## Try it:
Below are the records; repeat exactly their lines between the line holding "Scene headings can" and the line holding "An ecosystem is", inclusive, skipping the pictures.

(Records supplied)

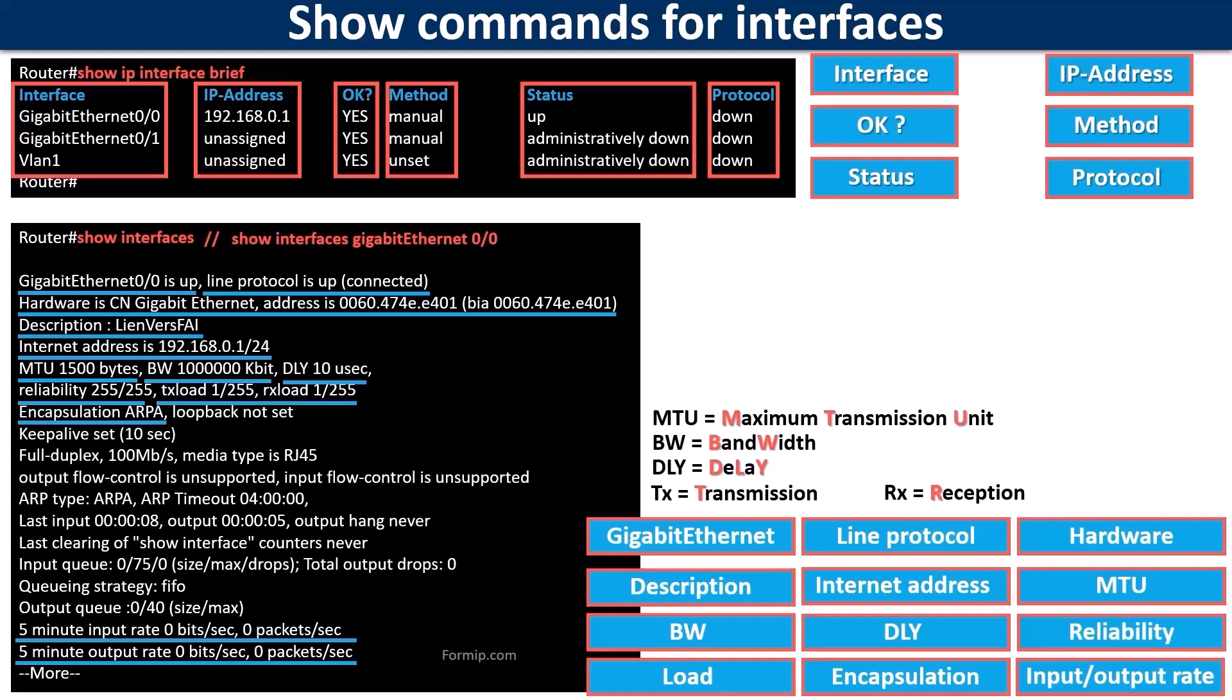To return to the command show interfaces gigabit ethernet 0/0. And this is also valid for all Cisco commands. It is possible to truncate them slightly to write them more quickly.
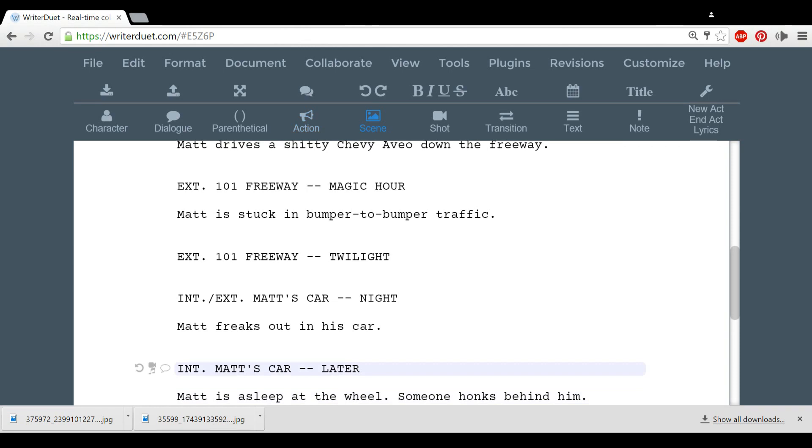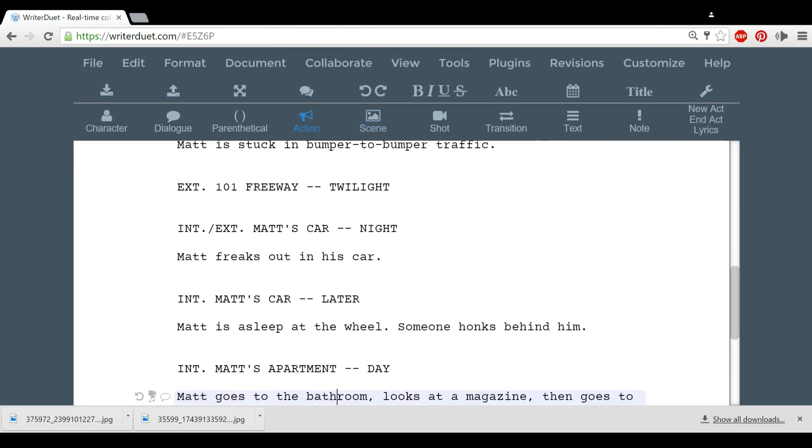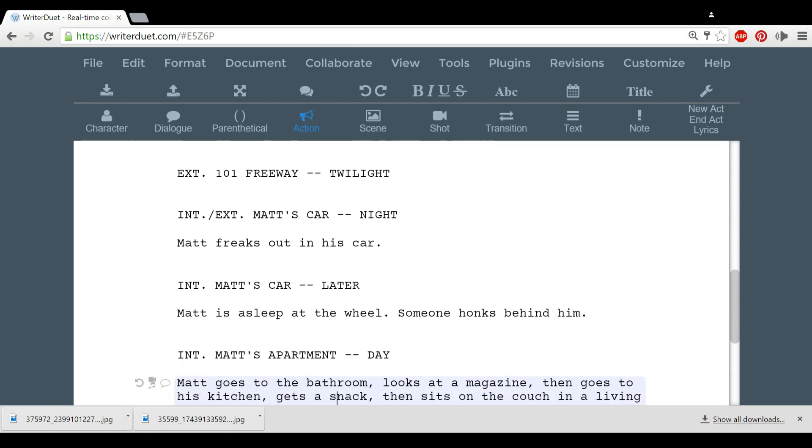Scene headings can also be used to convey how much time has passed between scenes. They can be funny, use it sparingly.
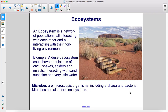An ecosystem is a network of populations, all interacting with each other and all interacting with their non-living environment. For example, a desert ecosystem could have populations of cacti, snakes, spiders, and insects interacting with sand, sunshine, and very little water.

(End Records supplied)
(Records supplied)

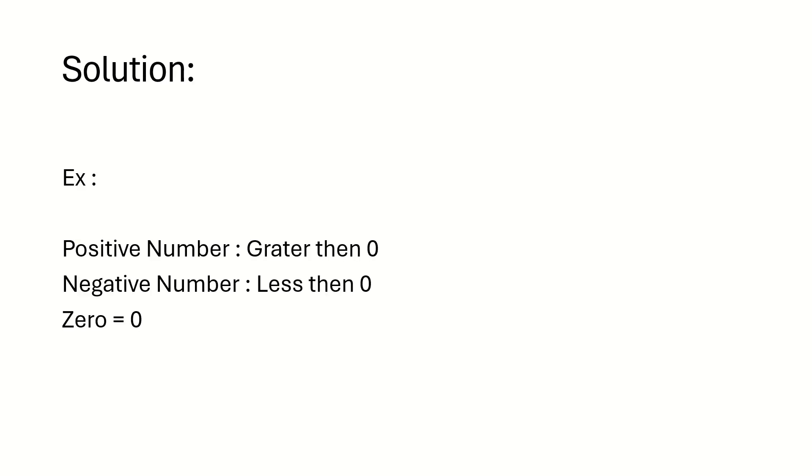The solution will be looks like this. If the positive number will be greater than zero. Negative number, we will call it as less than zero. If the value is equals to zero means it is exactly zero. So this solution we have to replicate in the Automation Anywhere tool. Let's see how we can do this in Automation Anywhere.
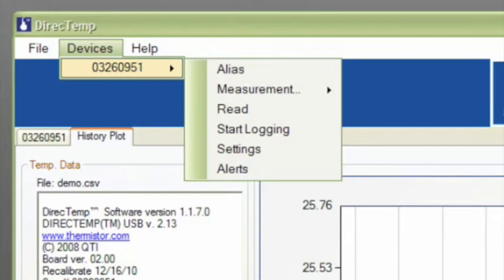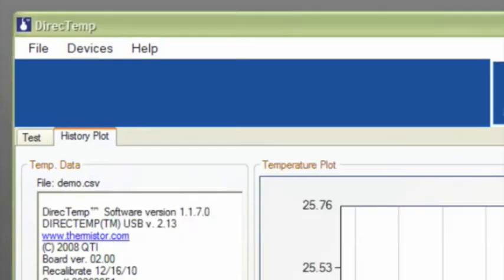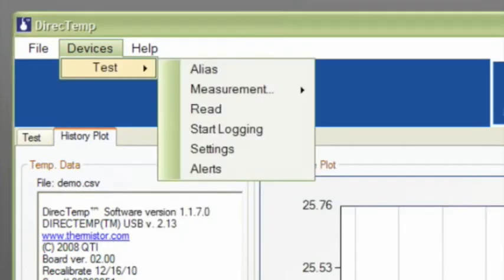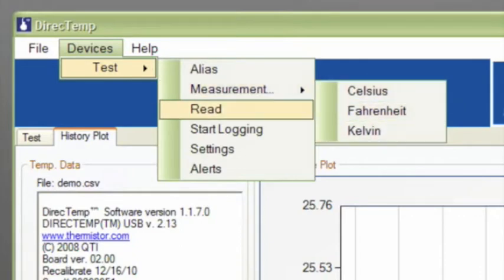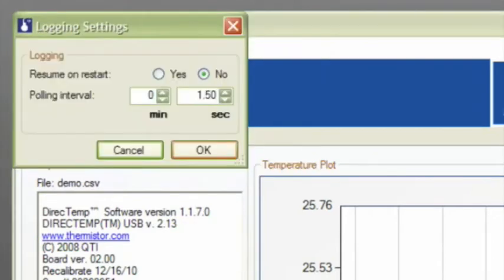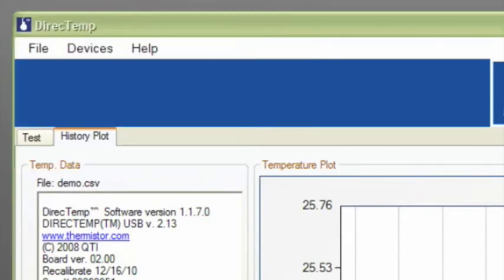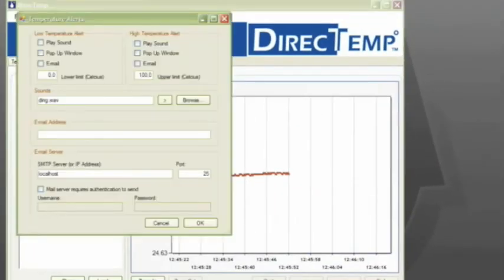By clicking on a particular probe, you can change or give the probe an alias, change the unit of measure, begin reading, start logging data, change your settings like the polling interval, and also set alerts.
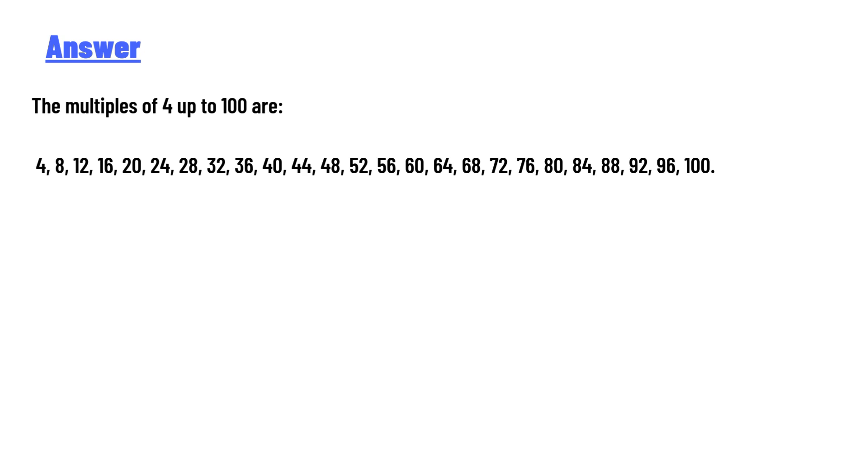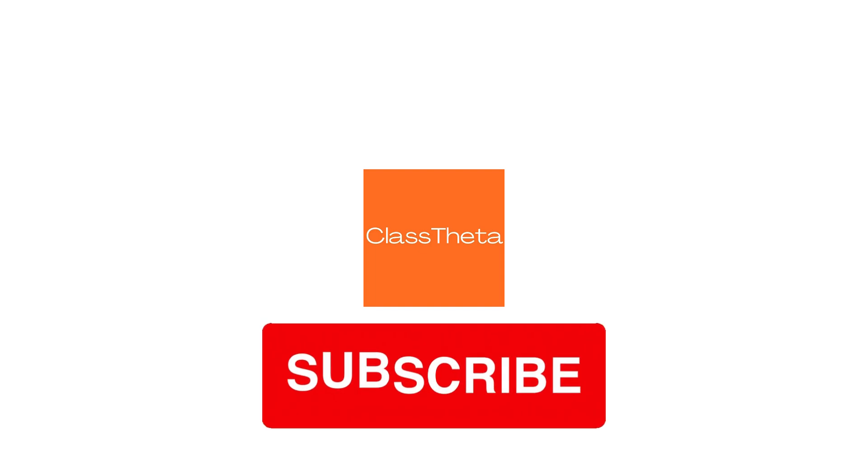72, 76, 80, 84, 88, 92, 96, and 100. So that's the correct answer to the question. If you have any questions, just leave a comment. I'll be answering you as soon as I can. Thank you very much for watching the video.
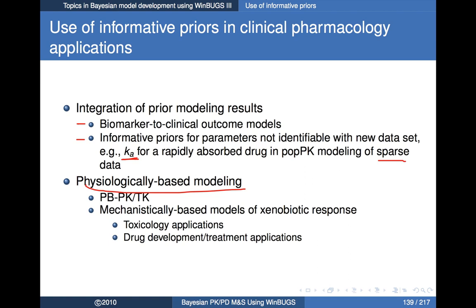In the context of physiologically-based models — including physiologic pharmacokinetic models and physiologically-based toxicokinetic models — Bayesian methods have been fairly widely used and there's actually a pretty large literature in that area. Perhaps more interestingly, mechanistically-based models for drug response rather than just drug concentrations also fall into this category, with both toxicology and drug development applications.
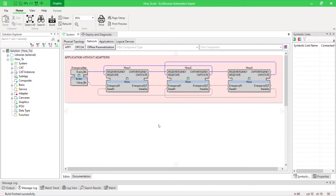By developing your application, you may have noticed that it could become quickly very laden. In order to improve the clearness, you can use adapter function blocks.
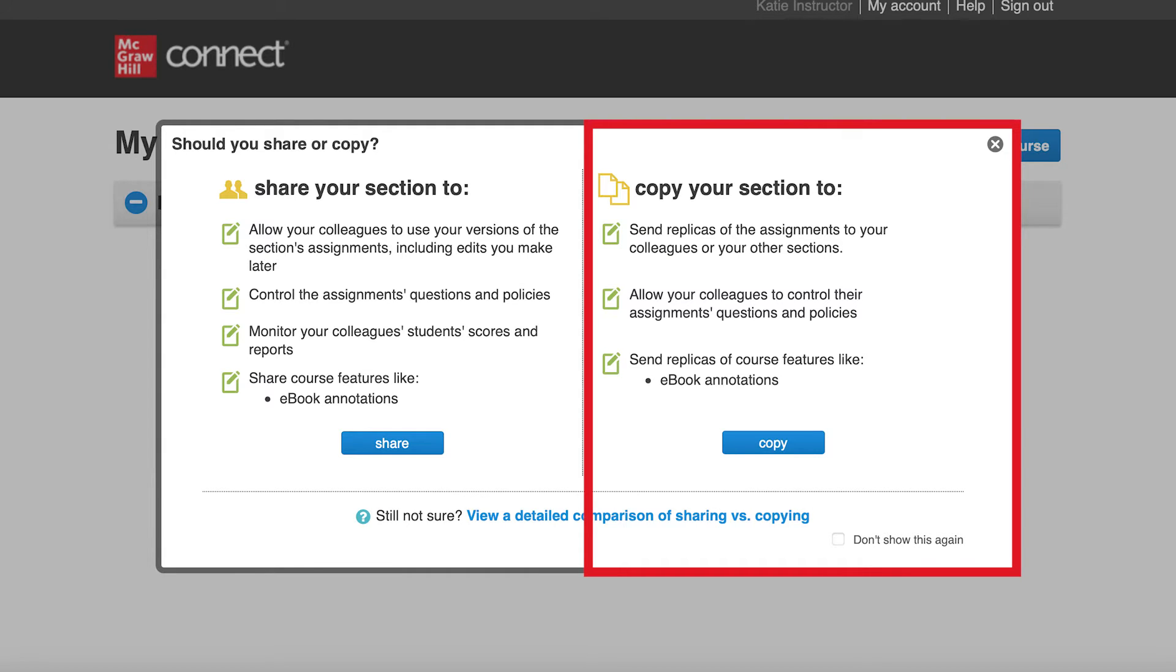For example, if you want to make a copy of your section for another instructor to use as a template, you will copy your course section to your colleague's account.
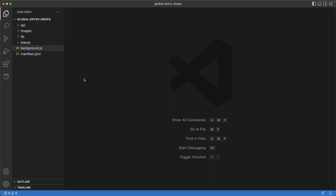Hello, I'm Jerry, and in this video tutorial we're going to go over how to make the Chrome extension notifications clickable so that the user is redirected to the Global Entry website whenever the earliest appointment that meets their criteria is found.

(End Records supplied)
(Records supplied)

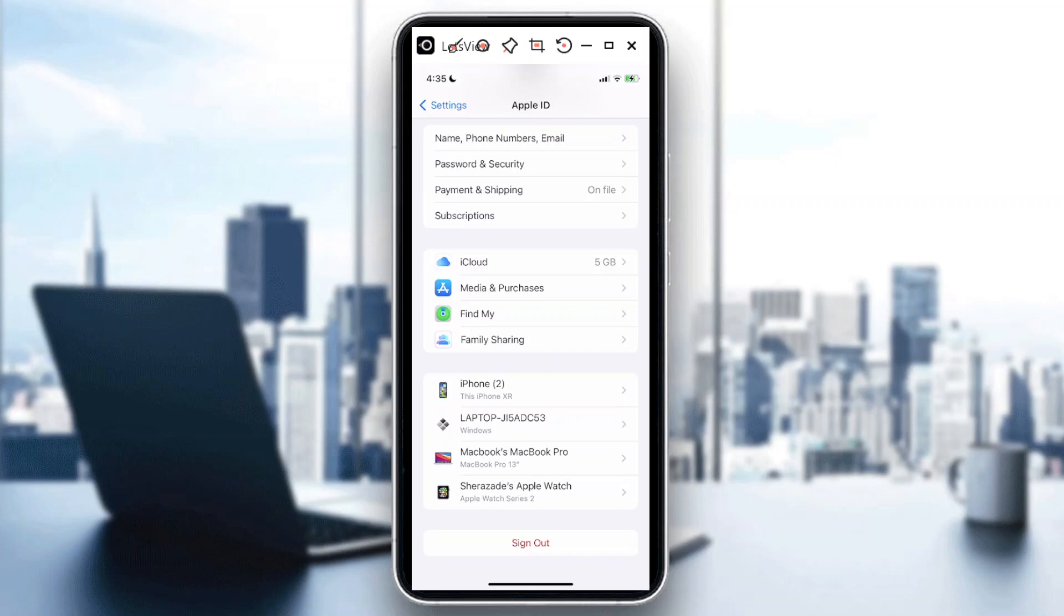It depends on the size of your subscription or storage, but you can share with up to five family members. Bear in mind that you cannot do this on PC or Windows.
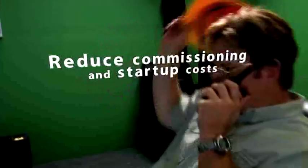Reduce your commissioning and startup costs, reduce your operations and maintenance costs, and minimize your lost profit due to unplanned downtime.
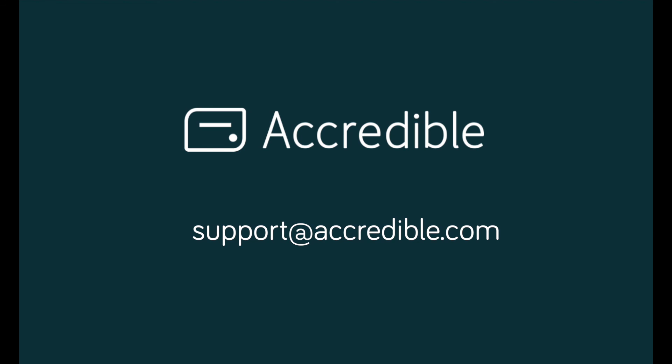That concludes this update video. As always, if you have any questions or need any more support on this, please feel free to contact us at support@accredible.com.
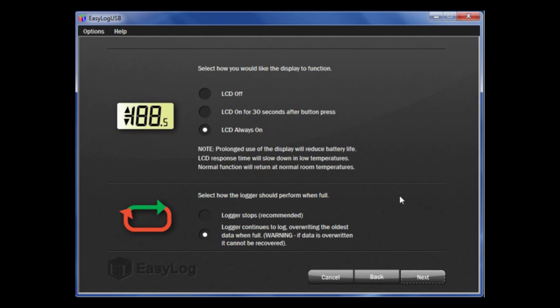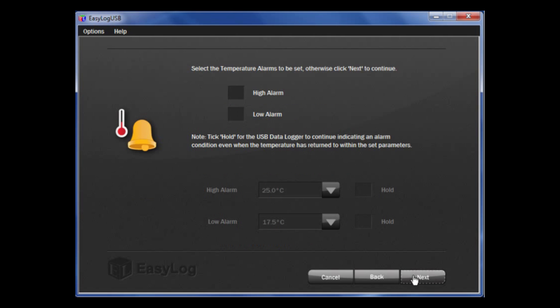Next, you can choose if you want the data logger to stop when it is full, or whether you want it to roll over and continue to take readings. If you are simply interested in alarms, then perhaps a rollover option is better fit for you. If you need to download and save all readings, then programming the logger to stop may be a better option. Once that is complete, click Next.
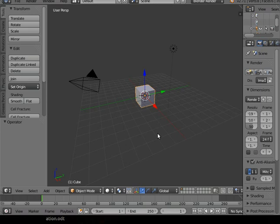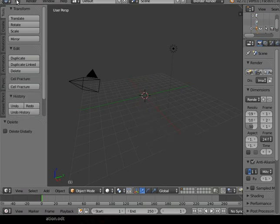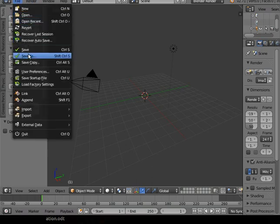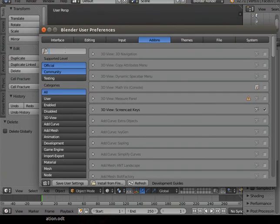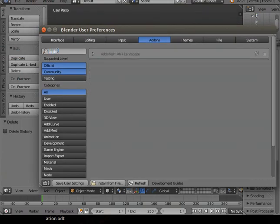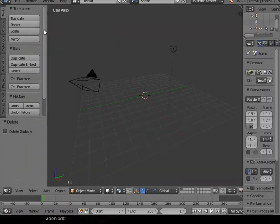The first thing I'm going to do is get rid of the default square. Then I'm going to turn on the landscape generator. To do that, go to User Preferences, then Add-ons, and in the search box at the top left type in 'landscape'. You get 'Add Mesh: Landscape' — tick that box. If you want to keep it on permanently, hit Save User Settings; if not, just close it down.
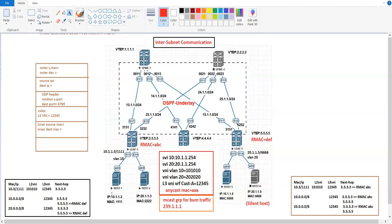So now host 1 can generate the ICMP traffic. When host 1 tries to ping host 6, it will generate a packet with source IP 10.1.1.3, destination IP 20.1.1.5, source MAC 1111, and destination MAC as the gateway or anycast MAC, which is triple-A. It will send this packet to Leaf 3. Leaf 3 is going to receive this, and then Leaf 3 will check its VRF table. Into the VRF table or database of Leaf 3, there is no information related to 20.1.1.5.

(End Records supplied)

## Solution below:
Scene headings can also be used to convey how much time has passed between scenes. They can be funny, use it sparingly.
An ecosystem is a network of populations, all interacting with each other and all interacting with their non-living environment. For example, a desert ecosystem could have populations of cacti, snakes, spiders, and insects interacting with sand, sunshine, and very little water.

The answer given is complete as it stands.